**Materials provided:**
—————
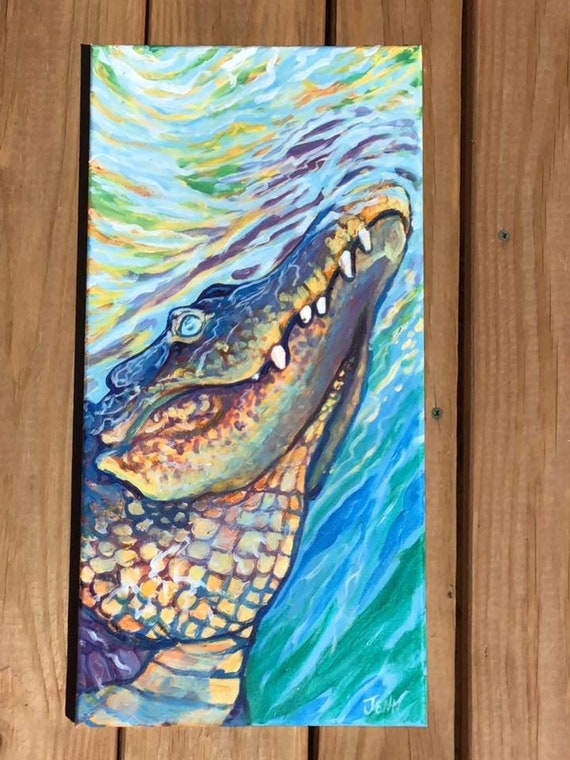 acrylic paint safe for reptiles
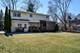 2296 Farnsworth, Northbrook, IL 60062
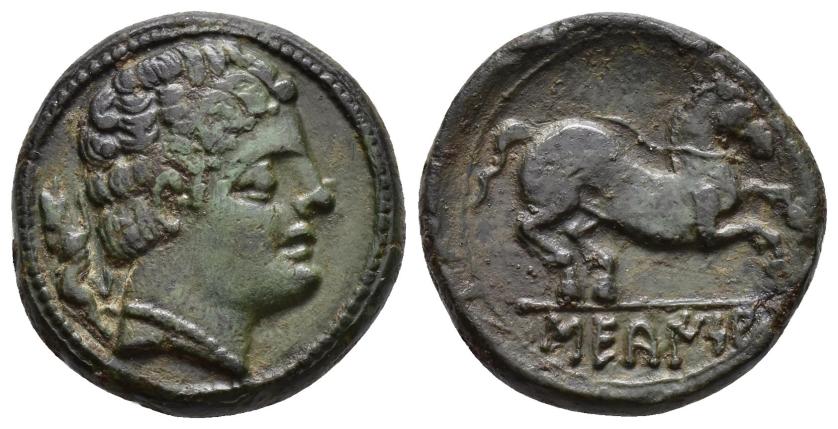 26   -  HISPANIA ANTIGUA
—————
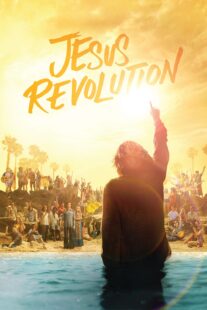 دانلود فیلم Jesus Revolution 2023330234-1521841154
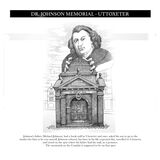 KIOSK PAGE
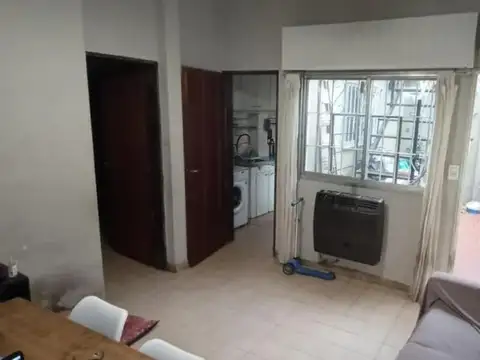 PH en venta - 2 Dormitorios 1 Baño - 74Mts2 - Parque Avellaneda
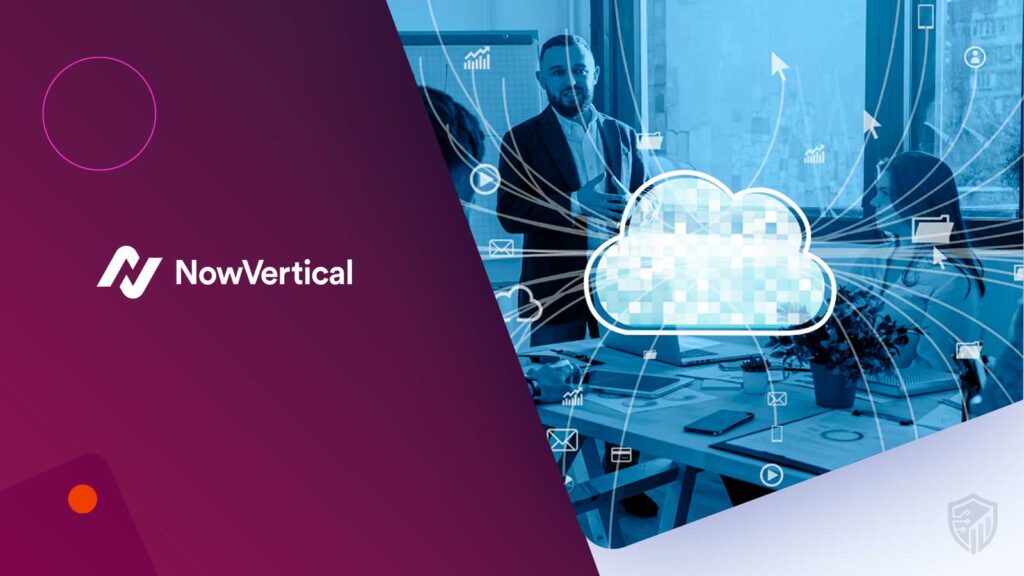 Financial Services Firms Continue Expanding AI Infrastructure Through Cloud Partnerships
—————
Word for word, write out the lines above running from the one with "دانلود فیلم Jesus" up to and including the one with "Financial Services Firms". Drop any picture.

**Response:**
 دانلود فیلم Jesus Revolution 2023330234-1521841154
 KIOSK PAGE
 PH en venta - 2 Dormitorios 1 Baño - 74Mts2 - Parque Avellaneda
 Financial Services Firms Continue Expanding AI Infrastructure Through Cloud Partnerships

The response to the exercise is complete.